The first was a few years ago. I had driven to another state to visit a friend but for various reasons - including that traffic was much lighter than I anticipated - I arrived hours early, at about 2pm. My friend had told me she would not be home until around 6pm as she would be visiting her parents that day. So with nowhere to go and no way to reach her as I knew neither her parents' address nor their phone number, I got a soda and settled in my car to wait.

About an hour later, maybe a little more, a police cruiser pulled up next to my car and two cops asked me to get out of my car and produce ID, which I did. It was all very professional and after a time they said fine and one of them actually apologized for having to bother me. I laughed and said "A strange man sitting alone in a car with out-of-state plates on a street where children are coming home from school? I was surprised you weren't here sooner."

And it was literally true: I had been expecting them to come from the moment I settled in.

The other case was last fall. My wife and I had just recently moved into our new place. One night we had some trouble with the keys which resulted in my aiming my car's headlights onto the lawn and my wife waving a flashlight around. We got in but a little while later there was a knock at the door which proved to be two cops, one at the door, the other holding back as backup. The cop at the door said they had gotten a call from a neighbor about suspicious activity at the place and asked if I could prove it was my home.

I showed my driver's license which had my photo and the address. He looked at it, said fine, sorry to bother you but we had to check it out and we chatted amiably for a half-minute or so which concluded with me saying "be glad it worked out this way" and him saying that he hoped his whole night would go this way.

In each case I was calm and cooperative. Why? Certainly not because I was intimidated or fearful - but because in each case I understood what was going on. In the first case I was expecting to be checked out and I knew why; in the other the cop straight away, first thing, gave me a sound and legitimate reason for asking for ID. (I should note in fairness that in the first case the cops did give a reason; they said they had gotten a call about "a strange man in a car" or something like that. In that case, though, even if they hadn't given a reason I would have known why they were there. Still, they did the right thing by telling me why they came by.)

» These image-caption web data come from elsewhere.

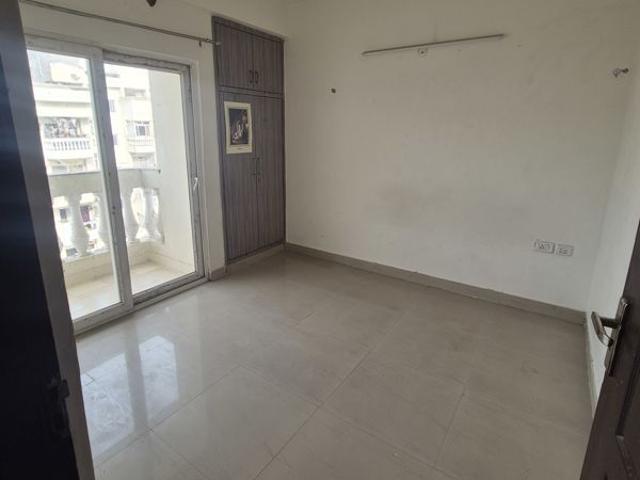 Rental | 1 BHK 525 Sq.Ft. Apartment in Nimbus The Hyde park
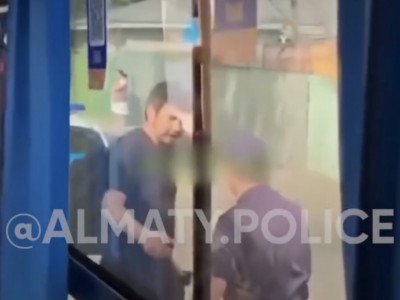 Алматы тұрғыны автобуста жанжал шығарғаны үшін 12 тәулікке қамалды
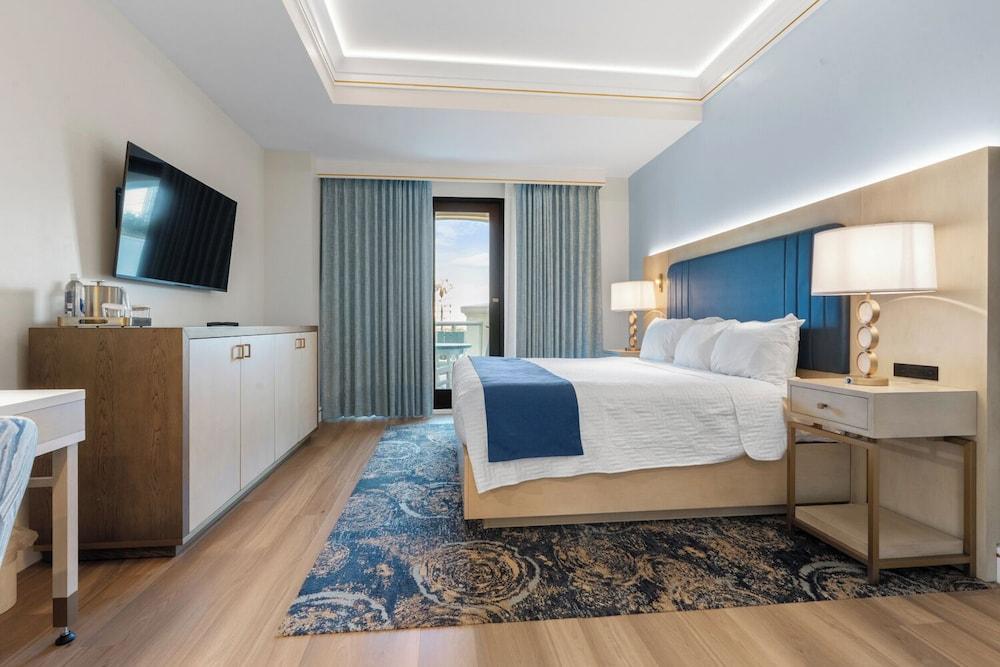 Harbor Suites at Harborwalk Village photo 82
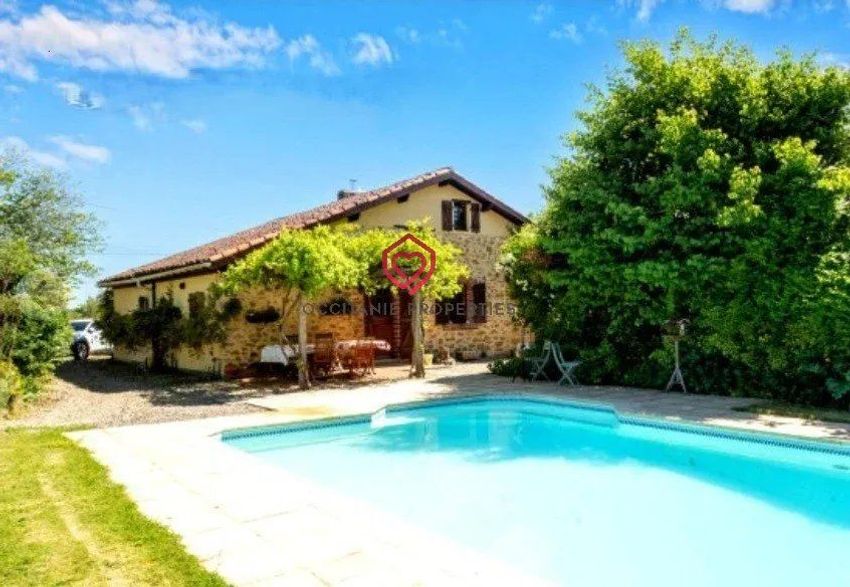 Image Piscine à  maison de village de Bouzon-Gellenave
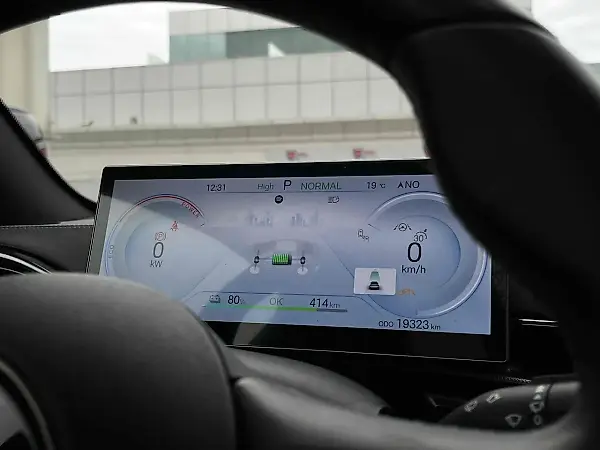 BYD Seal - Imagem 12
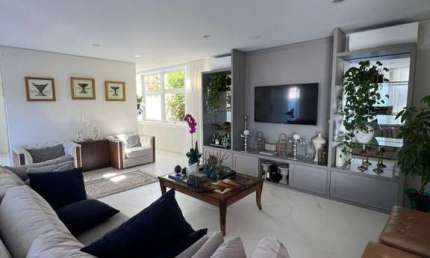 Casa para venda em Vila Suíça de 415.00m² com 4 Quartos, 4 Suites e 4 Garagens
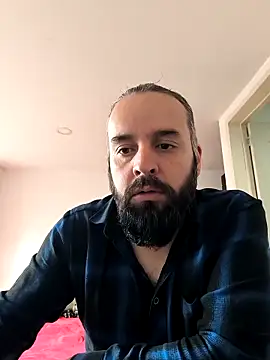 Snapshot of erikthor chatting on May 7, 2026, 1:36 pm erikthor online show from May 7, 2026, 1:36 pm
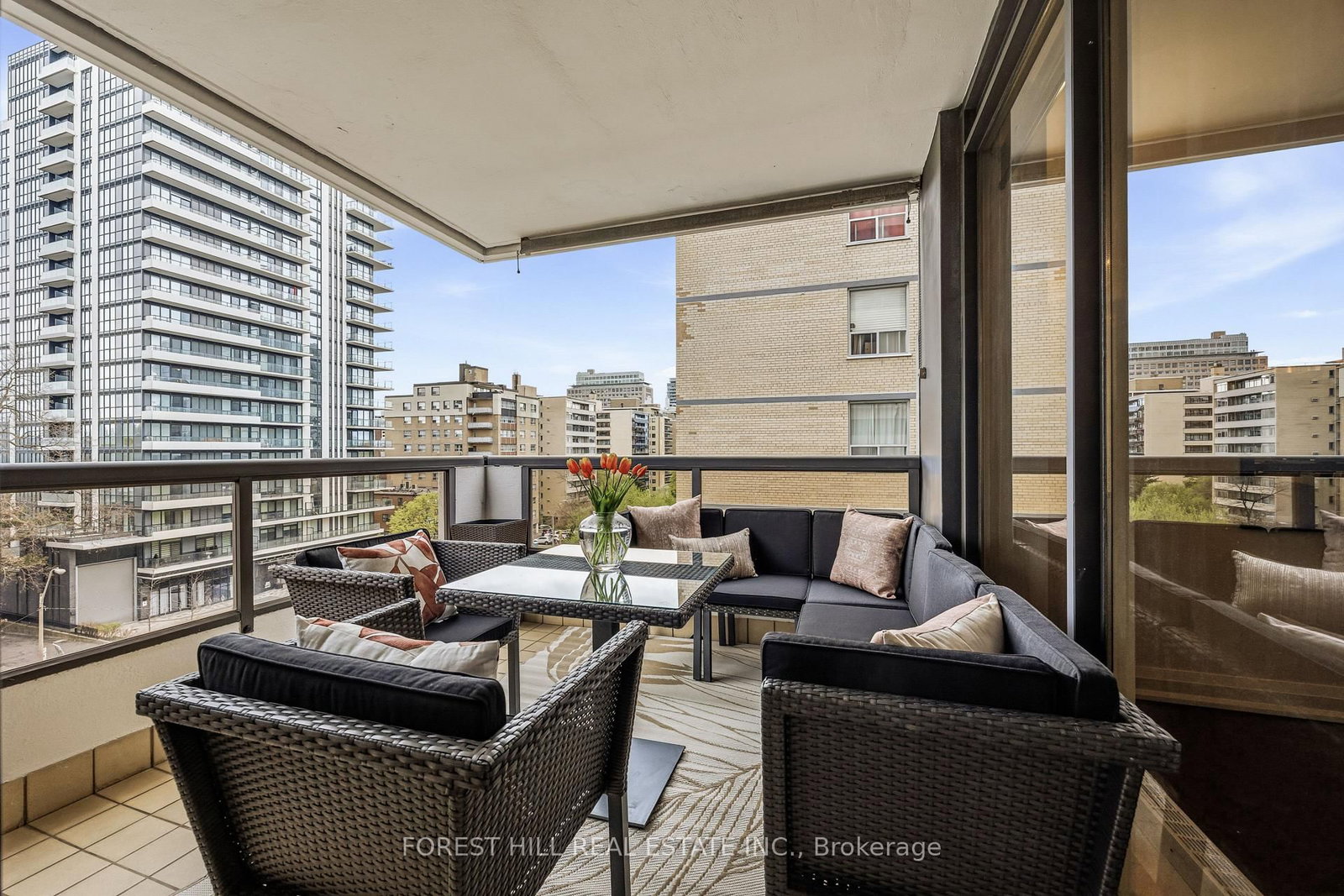 616 Avenue Road, Unit 402 - Photo 8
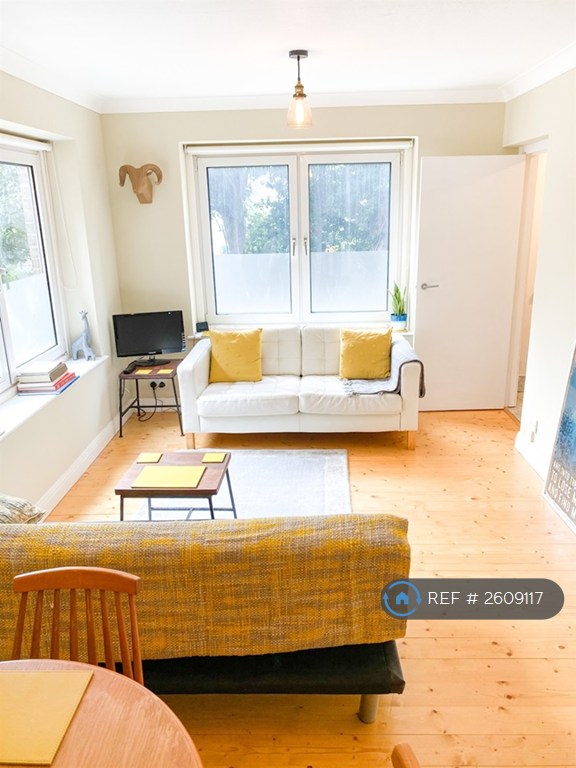 image for 1 bedroom flat in The Drive, Hove, BN3 (1 bed) (#2609117)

The point of both of these stories is that had conditions been different, the outcome might have been different. If the cops hadn't acted professionally, I might have reacted differently. If the cop who came to the door had come on aggressively and just demanded ID without saying why, I know that my reaction would have been one of "Excuse me? Just who the hell do you think you are?" (Actually, I think my exact words would have been more like "Uh, why?" And I would expect the answer to be produced before my ID was.)

I don't know how Crowley came on to Gates. Maybe he was gruff, brusque, arrogant, even threatening. Or maybe he was polite and professional. I don't know and I'm not judging him here. What I do know is that too many cops are too ready to think that domination is the name of the game and offering explanations undermines that domination by putting the other person on a similar level to themselves.

That is foolish and dangerous yet all too common. I believe nothing is more likely to make what should be a professional, calm encounter into a confrontation than giving people the feeling that they are being subjected to arbitrary authority - being, that is, bullied. Put another way, I think former DC Deputy Chief of Police Robert Klotz was wrong: The frequent triggering event for confrontations is not "contempt of cop" but "contempt of citizen."

Which again raises the question: In what kind of society do we wish to live?